- Required action:
Lines from the line with "Imagem 3 de" to the line with "DJ Spike - Invisible" in the entries below, and only those, must be output exactly, with both ends included.

Data excerpts: Begin

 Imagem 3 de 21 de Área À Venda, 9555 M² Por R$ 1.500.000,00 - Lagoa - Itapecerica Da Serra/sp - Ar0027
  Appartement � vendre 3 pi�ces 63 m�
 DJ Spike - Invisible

Data excerpts: End
Data excerpts: Begin

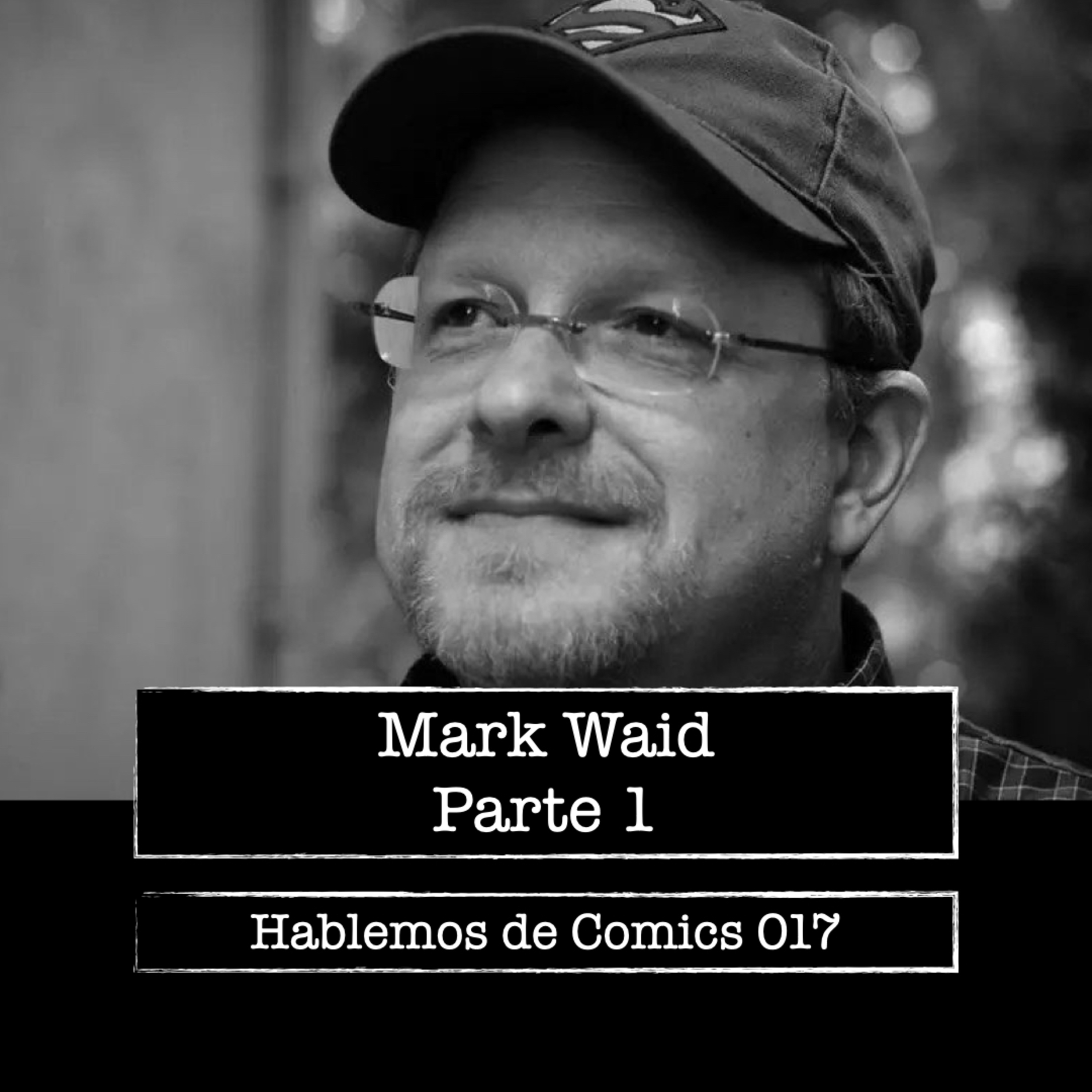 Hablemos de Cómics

Data excerpts: End

- Answer space:
 Imagem 3 de 21 de Área À Venda, 9555 M² Por R$ 1.500.000,00 - Lagoa - Itapecerica Da Serra/sp - Ar0027
  Appartement � vendre 3 pi�ces 63 m�
 DJ Spike - Invisible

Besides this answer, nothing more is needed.